##### Records for this exercise #####
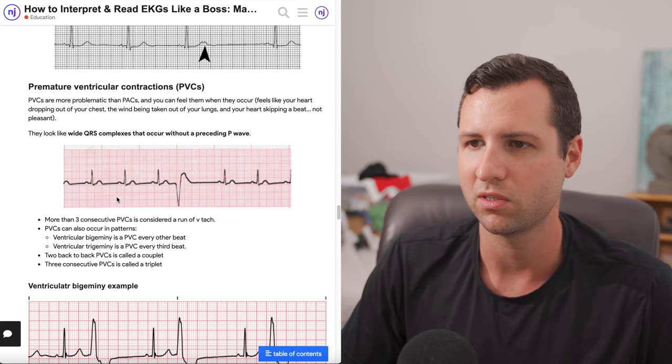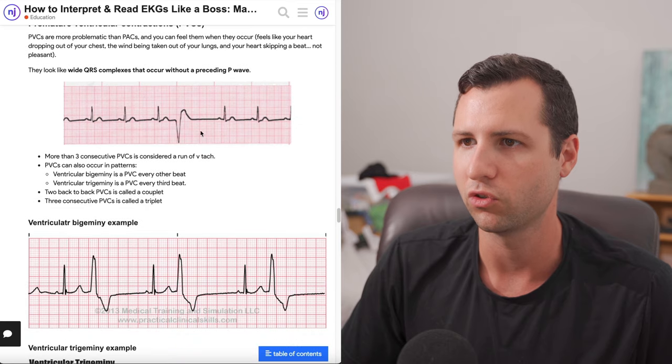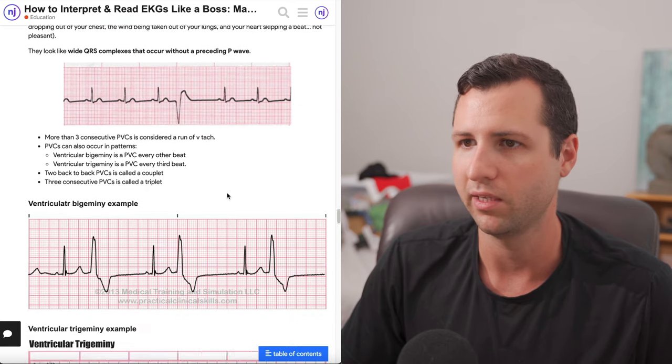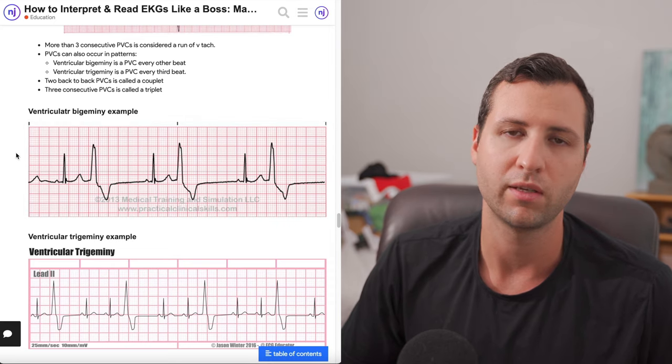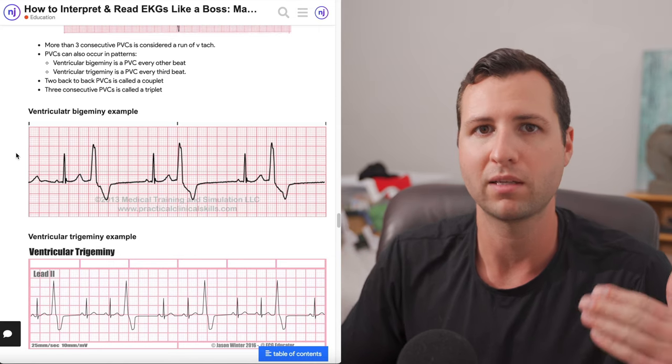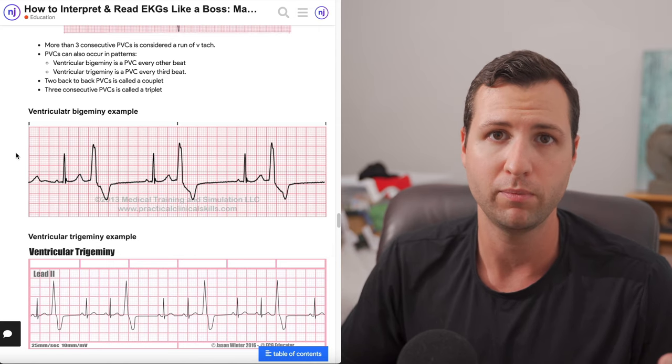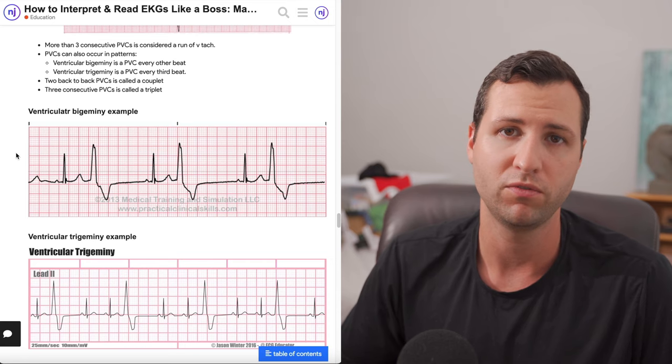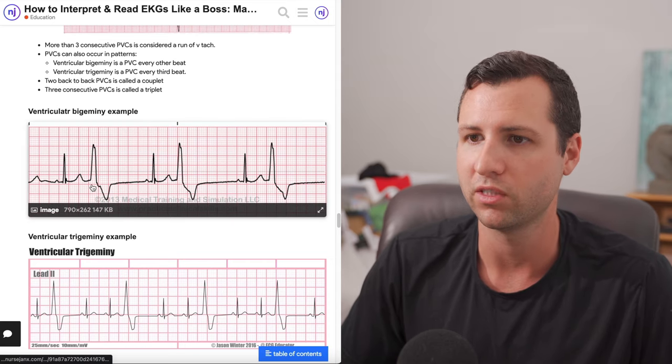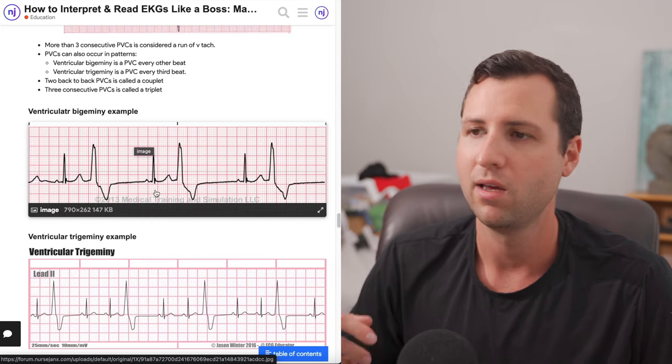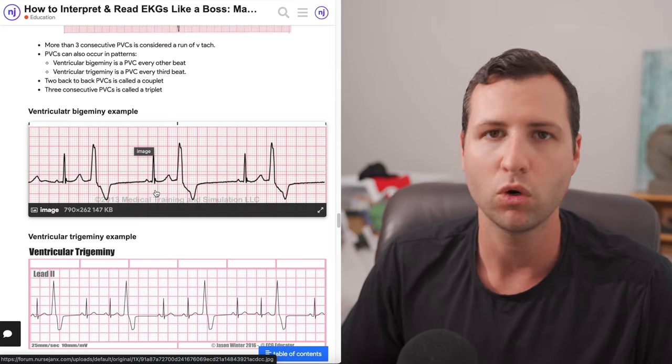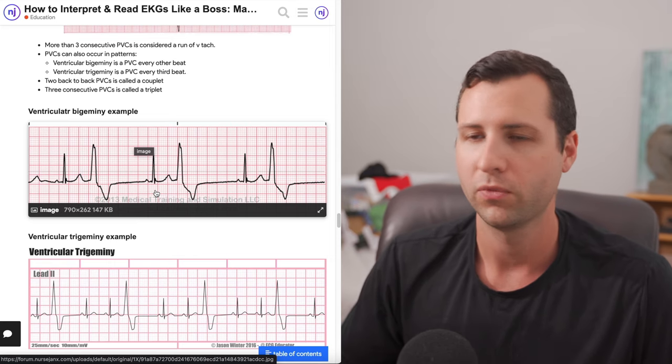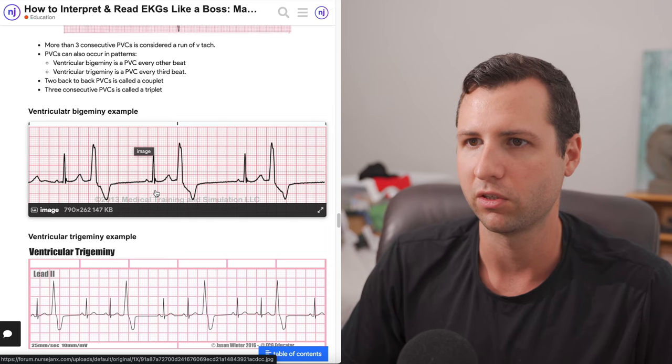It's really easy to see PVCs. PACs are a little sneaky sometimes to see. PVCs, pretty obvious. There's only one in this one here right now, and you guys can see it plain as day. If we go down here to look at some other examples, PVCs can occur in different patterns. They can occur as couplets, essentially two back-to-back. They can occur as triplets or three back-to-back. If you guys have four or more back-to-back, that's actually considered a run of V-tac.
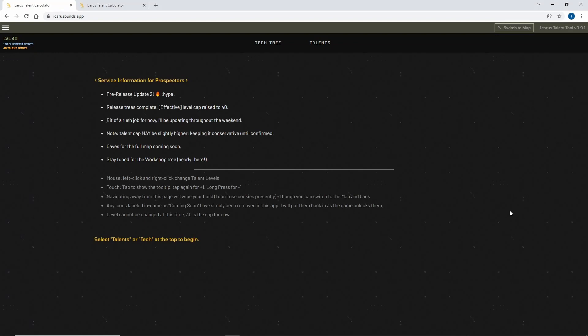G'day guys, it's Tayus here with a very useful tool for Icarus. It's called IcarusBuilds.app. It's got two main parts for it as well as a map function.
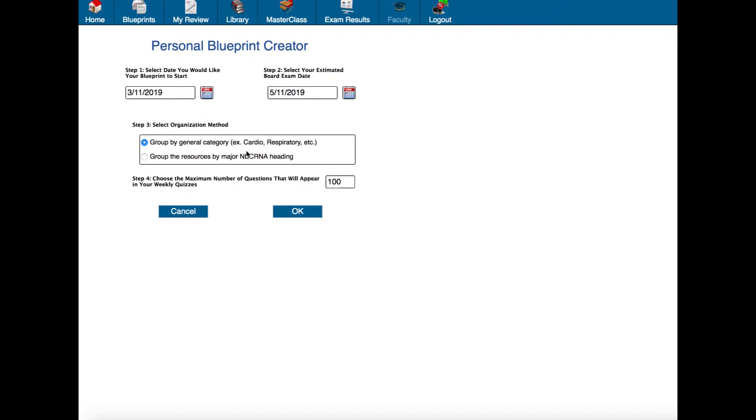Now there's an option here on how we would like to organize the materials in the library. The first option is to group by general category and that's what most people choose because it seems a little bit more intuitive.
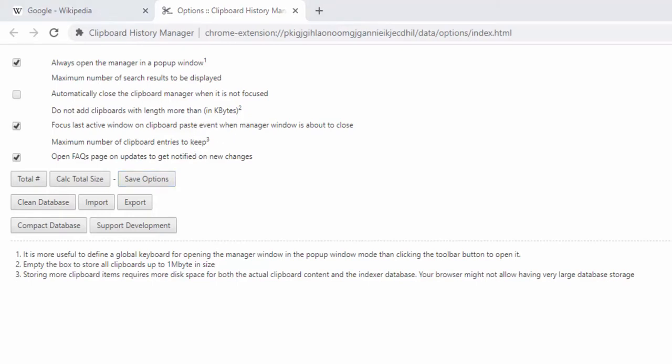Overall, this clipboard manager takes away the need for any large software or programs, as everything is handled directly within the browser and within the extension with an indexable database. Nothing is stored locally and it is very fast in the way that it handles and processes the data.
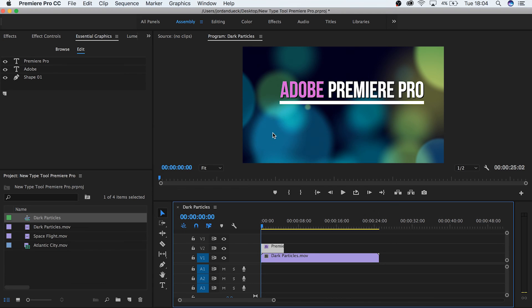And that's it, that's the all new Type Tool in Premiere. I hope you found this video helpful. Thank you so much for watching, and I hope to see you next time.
#####
■ **Try it**
Retype every entry verbatim and exclude the pictures from the copy.

■ **Answer section**
It's really easy to see PVCs. PACs are a little sneaky sometimes to see. PVCs, pretty obvious. There's only one in this one here right now, and you guys can see it plain as day. If we go down here to look at some other examples, PVCs can occur in different patterns. They can occur as couplets, essentially two back-to-back. They can occur as triplets or three back-to-back. If you guys have four or more back-to-back, that's actually considered a run of V-tac.
G'day guys, it's Tayus here with a very useful tool for Icarus. It's called IcarusBuilds.app. It's got two main parts for it as well as a map function.
Now there's an option here on how we would like to organize the materials in the library. The first option is to group by general category and that's what most people choose because it seems a little bit more intuitive.
Overall, this clipboard manager takes away the need for any large software or programs, as everything is handled directly within the browser and within the extension with an indexable database. Nothing is stored locally and it is very fast in the way that it handles and processes the data.
And that's it, that's the all new Type Tool in Premiere. I hope you found this video helpful. Thank you so much for watching, and I hope to see you next time.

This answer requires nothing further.